Training a logistic regression from Twitter comments¶

In this example, we’ll train a logistic regression to classify tweets using only the natural language text found in these tweets. We’ll only need about 800 tweets per user account.

Setup¶

To run this example, you will need the following packages.

install.packages("dplyr", "ROCR")

Step 1: Embedding all tweets¶

We’ll use a collection of about 800 tweets from Bill Gates and Kanye West and train a logistic regression to predict (given a tweet) which account the tweet belongs to. In order to do that, we’ll first load the tweets from the basilica package.

library(jsonlite)
bill <- fromJSON(system.file("extdata/twitter/billgates.json", package="basilica"))
kanye <- fromJSON(system.file("extdata/twitter/kanyewest.json", package="basilica"))

Now that we’ve loaded the JSON files, we can embedded the text of these tweets using Basilica.

library(basilica)
conn <- connect("05e19f1c-39de-ed9c-ae42-feab42f5f84d")

embeddings <- rbind(embed_sentences(bill[, 7], conn=conn), embed_sentences(kanye[, 7], conn=conn)) # 7 is the index of the text

Step 2: Running PCA + Cleaning Data¶

Now that we have these embeddings, we’ll want to run PCA and get the 100 features that explain the most variance. We’ll also add a column to the matrix with the corresponding category each tweet belongs to.

pca <- prcomp(t(embeddings), center = TRUE,scale = TRUE)
features <- pca$rotation[,1:100]

type <- c(integer(dim(bill)[1]) + 1, integer(dim(kanye)[1]))
features <- cbind(type, features)
features <- data.frame(features[sample.int(nrow(features)),])

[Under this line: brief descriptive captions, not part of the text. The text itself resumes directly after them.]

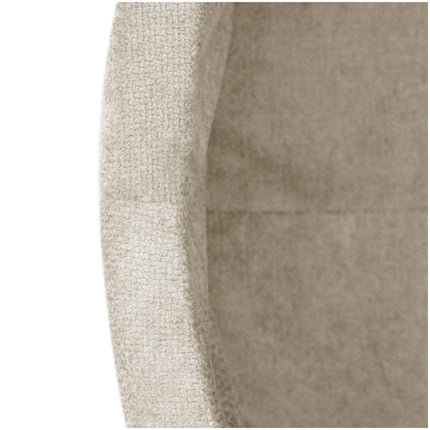 Trendmix Luxe Ronde Ballenbak 90 x 30 cm – Inclusief 200 Ballen – Beige Chenille – Ballenbad voor Baby & Peuter – Sensorisch Speelgoed
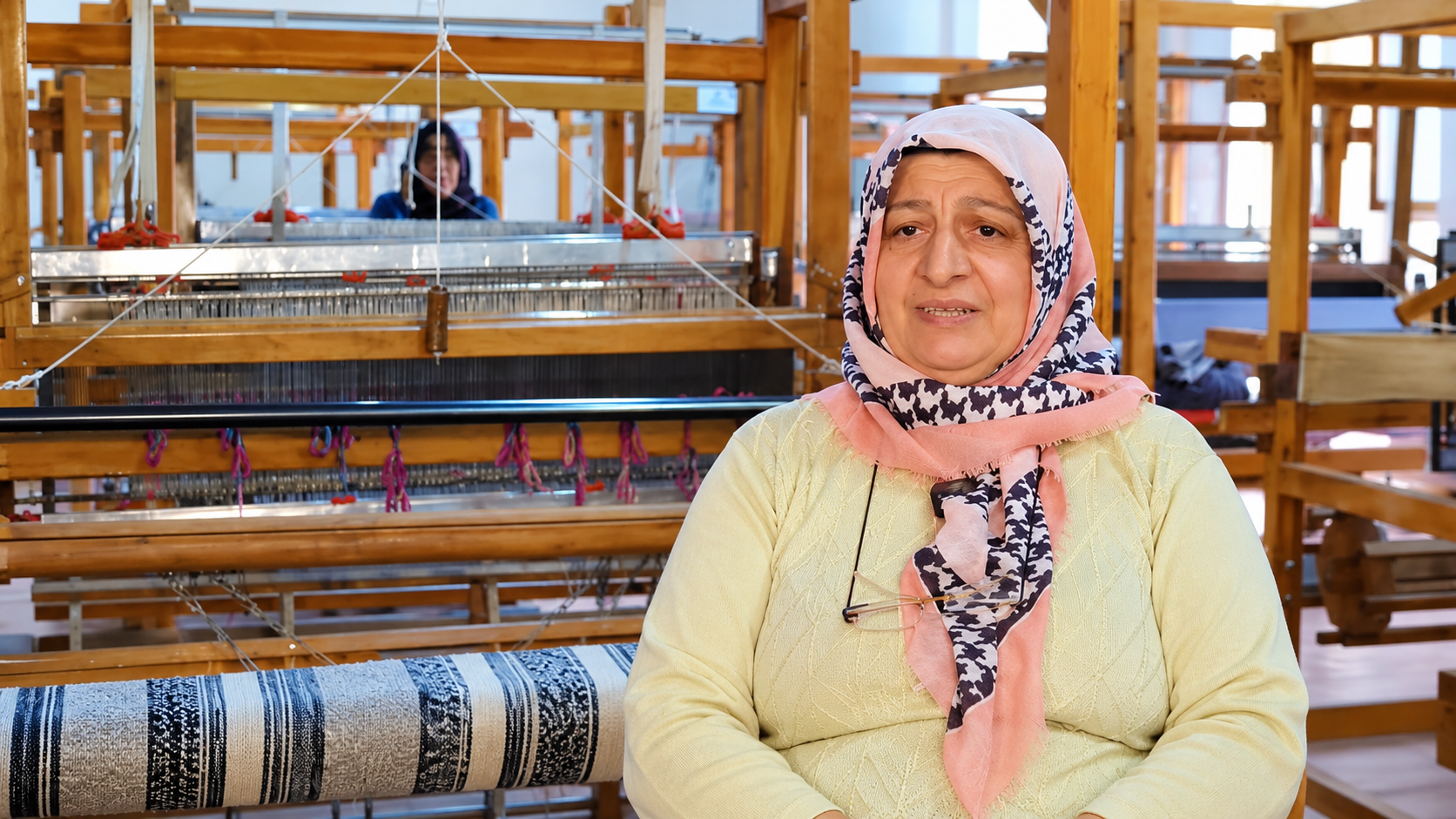 Usta Öğretici Sevil Günay Gazenne Kumaşı
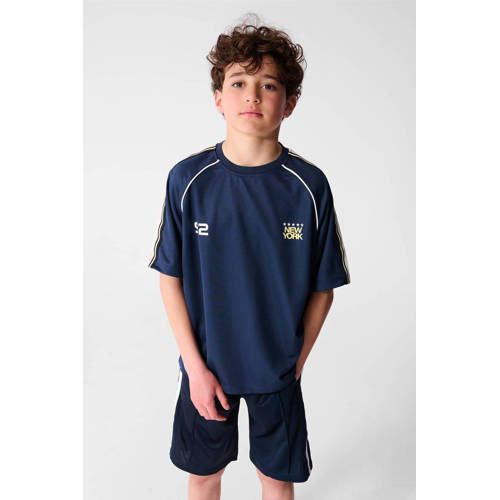 Shoeby T-shirt met backprint donkerblauw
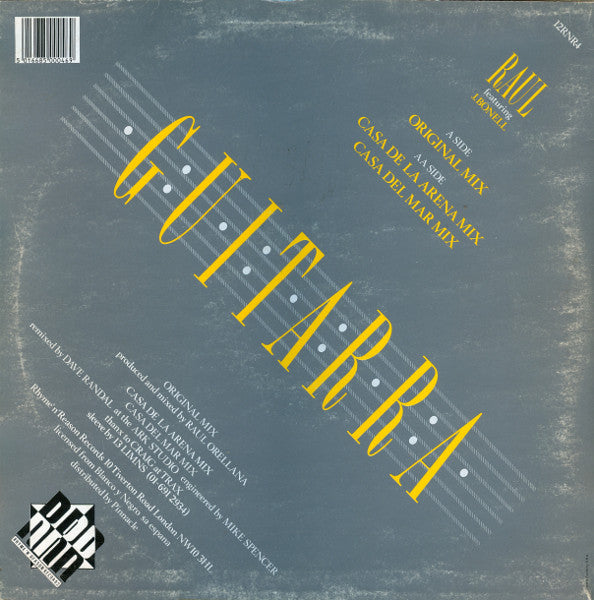 Raúl Orellana Featuring Jordi Bonell : Guitarra (12")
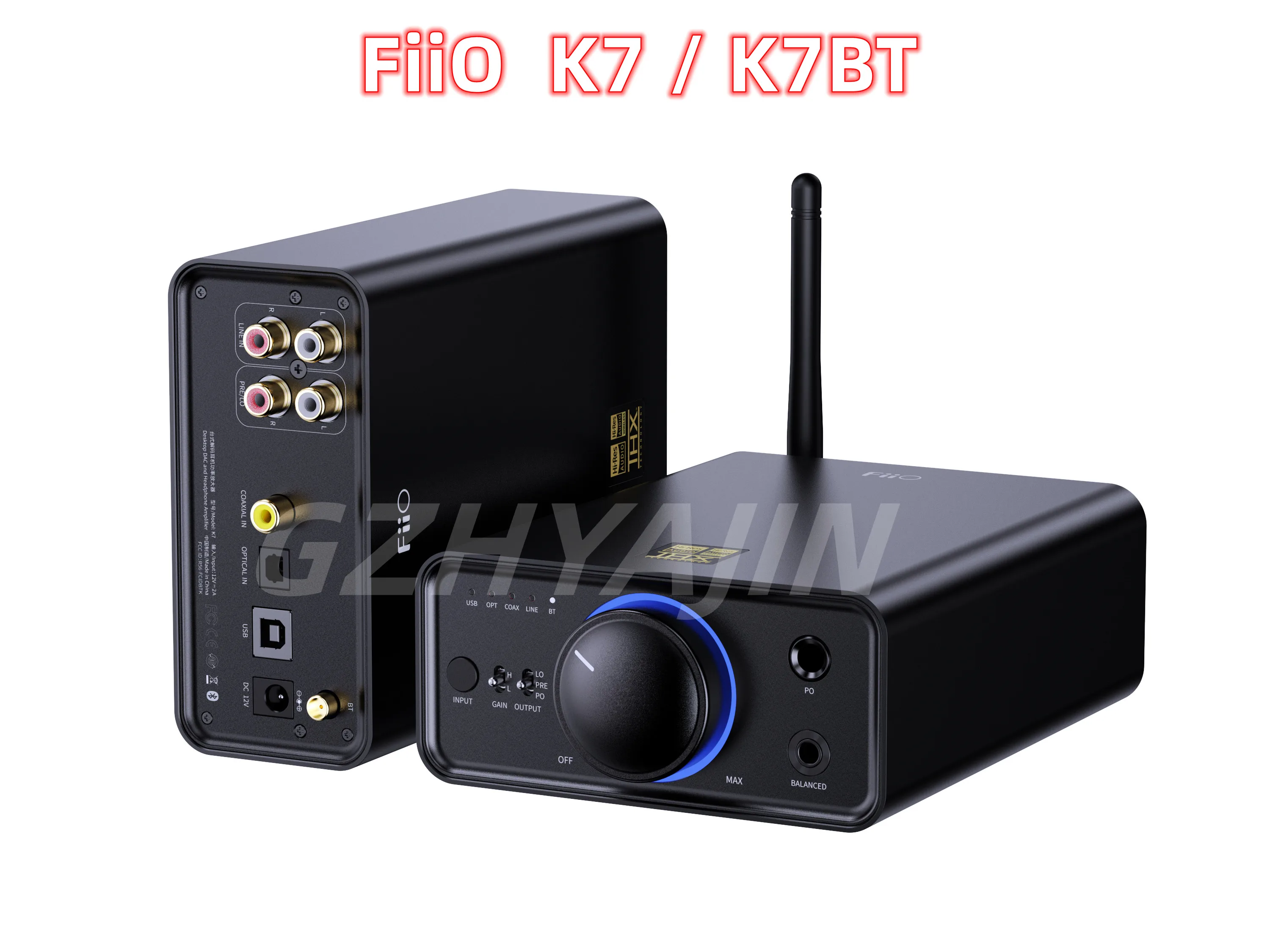 FiiO K7/K7 BT Tasakaalustatud HiFi Desktop DAC Kõrvaklappide Võimendi AK4493S*2 XMOS XU208 PCM384kHz DSD256 USB/Optical/Coaxial/RCA Sisend0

Step 3: Training the model¶

Finally, we can now train our model. In order to do that we’ll separate out the data into training and test data.

library(dplyr)
train_data <- sample_frac(features, 0.8)
train_index <- as.numeric(rownames(train_data))
test_data <- features[-train_index, ]

model <- glm(type ~ ., data = train_data, family = "binomial")

Step 4: Verifying Results¶

After training the model, we can verify who well it’s trained by taking a look at the confusion matrix.

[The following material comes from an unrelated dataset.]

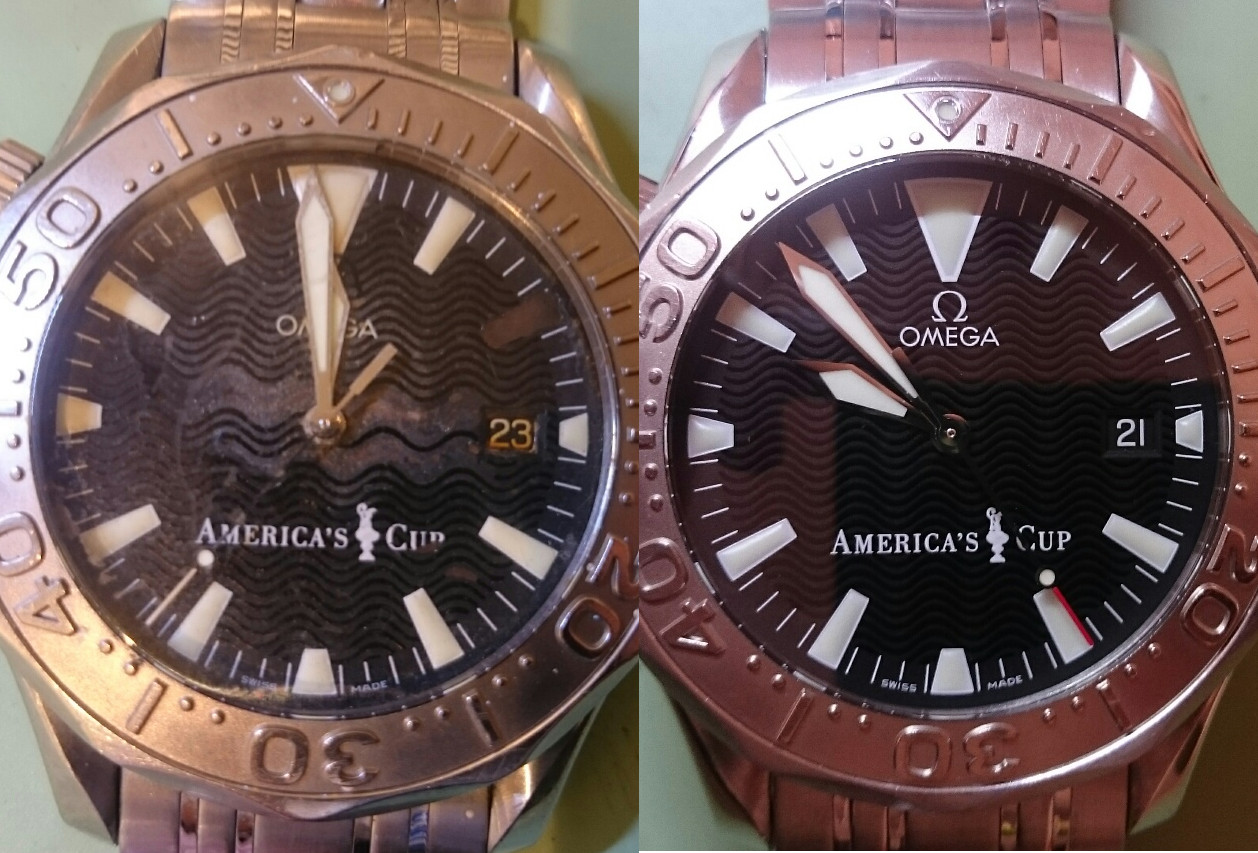 omega seamaster restoration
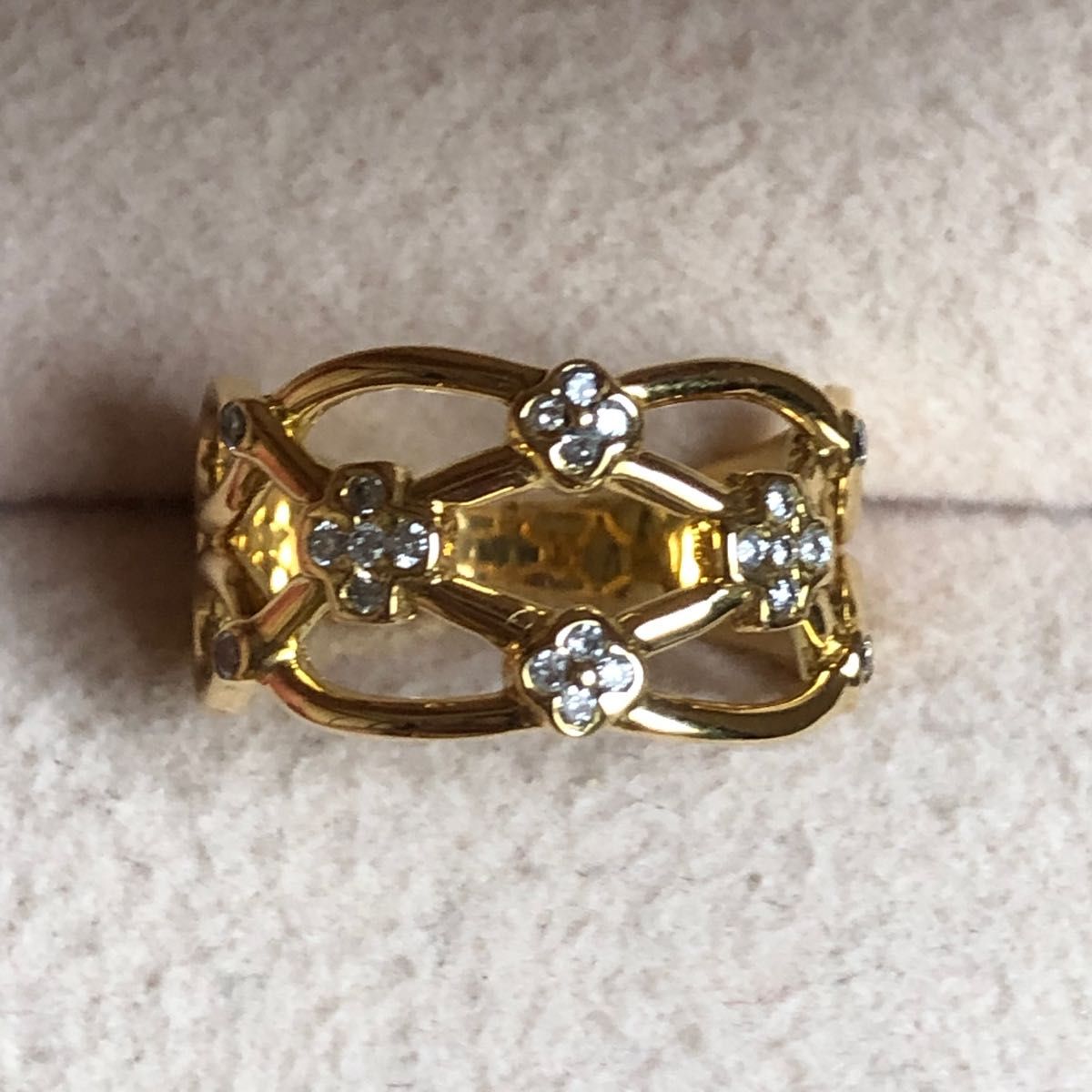 ダイヤモンド 指輪 1.000cts k18WG-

predict <- predict(model, newdata=test_data, type = 'response')
table(train_data$type, predict > 0.5)

library(ROCR)
ROCRpred <- prediction(predict, test_data$type)
ROCRperf <- performance(ROCRpred, 'tpr','fpr')
plot(ROCRperf, colorize = TRUE, text.adj = c(-0.2,1.7))

You have now trained a logistic regression with only the natural language text of the tweets and 800 data points per category and getting an R squared of about 0.80.